FREE ON-LINE SEMINAR

Landscape Disturbance Related to Natural Gas Extraction in the Mid-Atlantic Region

Sponsored by ASPRS, CaGIS and GLIS

Date & Time: June 20th, 2014 12:00 PM – 1:00 PM EST 

The American Society of Photogrammetry and Remote Sensing (ASPRS) GIS Division in partnership with the Cartography and Geographic Information Society (CaGIS) and the Geographic and Land Information Society (GLIS) would like to invite our members to attend our third online seminar for the 2014 series.

Landscape Disturbance Related to Natural Gas Extraction in the Mid-Atlantic Region

Abstract:Increased demands for cleaner burning energy, coupled with the relatively recent technological advances in accessing unconventional hydrocarbon-rich geologic formations, have led to an intense effort to find and extract natural gas from various underground sources around the country.

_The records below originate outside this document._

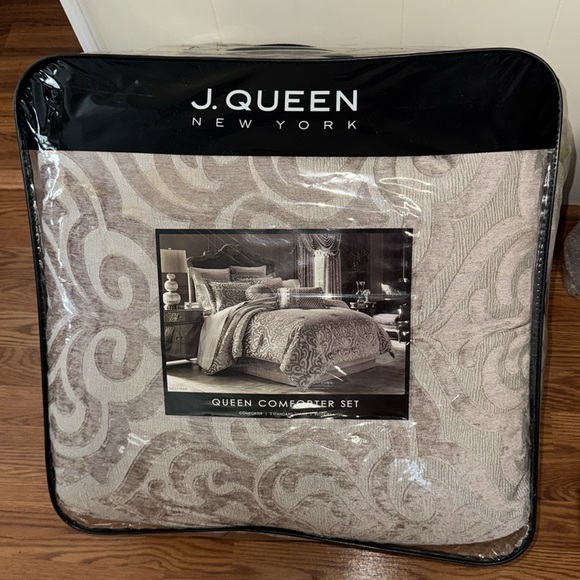Luxurious Queen size Cream and Tan/Gray Comforter Set, Ornate,like new+3 pillows - Picture 2 of 15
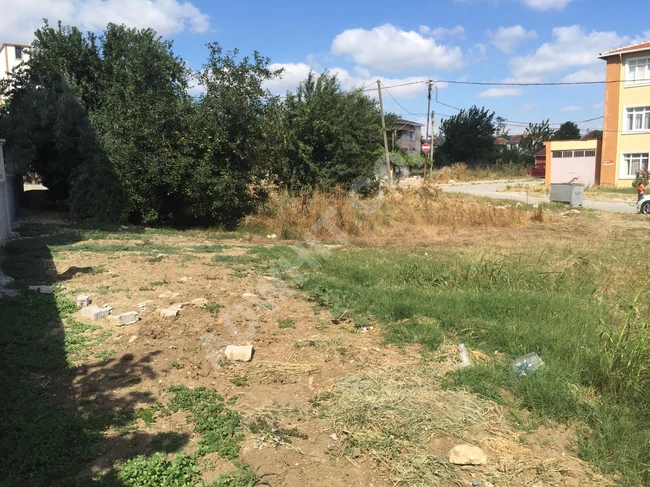 A corner villa plot with an area of 570 square meters in GÜZELCE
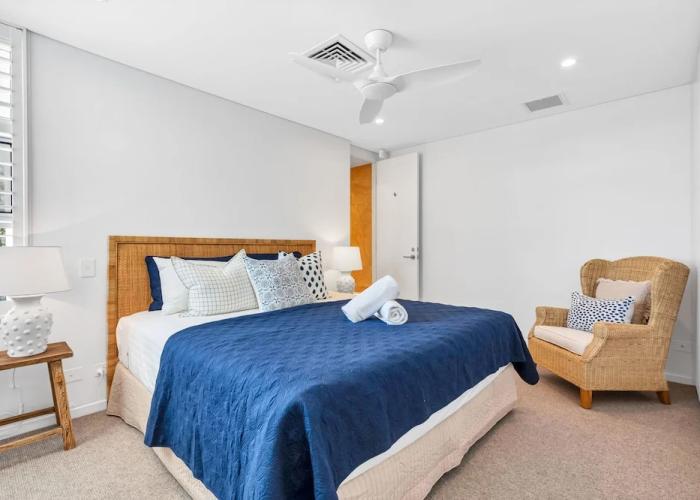 Exceptional Mooloolaba Beach Apt-Beach01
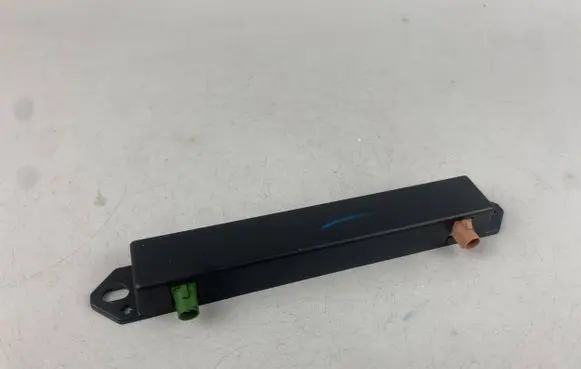 Chrysler Pacifica Aerial antenna amplifier 68306857AA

One of these sources, the Marcellus Shale, located in the Allegheny Plateau, is currently undergoing extensive drilling and production. The technology used to extract gas in the Marcellus shale is known as hydraulic fracturing and has garnered much attention because of its use of large amounts of fresh water, its use of proprietary fluids for the hydraulic-fracturing process, its potential to release contaminants into the environment, and its potential effect on water resources. Nonetheless, development of natural gas extraction wells in the Marcellus Shale is only part of the overall natural gas story in the area of Pennsylvania. Coalbed methane, which is sometimes extracted using the similar technique, is commonly located in the same general area as the Marcellus Shale and is frequently developed in clusters across the landscape. The combined effects of these two natural gas extraction methods create potentially serious patterns of disturbance on the landscape. This presentation quantifies the landscape changes and consequences of natural gas extraction for the natural gas play in Pennsylvania between 2004 and 2010. Patterns of landscape disturbance related to natural gas extraction activities were collected and digitized using National Agriculture Imagery Program (NAIP) imagery for 2004, 2005/2006, 2008, and 2010. The disturbance patterns were then used to measure changes in land cover and land use using the National Land Cover Database (NLCD) of 2001 as a baseline. A series of landscape metrics are also used to quantify these changes and report on the potential ecosystem effects.

About the Speaker:  Terry Slonecker is a research geographer in the United States Geological Survey’s Eastern Geographic Science Center.  He has over 30 years of experience in remote sensing and geospatial analysis including positions with the U.S. Air Force, private industry and the U.S. Environmental Protection Agency.  His current research interests include hyperspectral analysis of heavy metals, hazardous substances, hydrocarbons, and related vegetation stress.  He recently taught hyperspectral remote sensing at the Afghanistan Geological Society in Kabul and has been involved in several emergency response efforts including the Deepwater Horizon spill in 2010. He received his master’s degree in Geographic and Cartographic Sciences, and his doctorate in Environmental Science and Public Policy from George Mason University, in Fairfax, Virginia. He is currently working on mapping and measuring the landscape effects of natural gas development and on evaluating remote sensing as a tool for hazardous waste site monitoring.  On several occasions, he has served as an expert witness for the U.S. Federal Government on remote sensing related matters.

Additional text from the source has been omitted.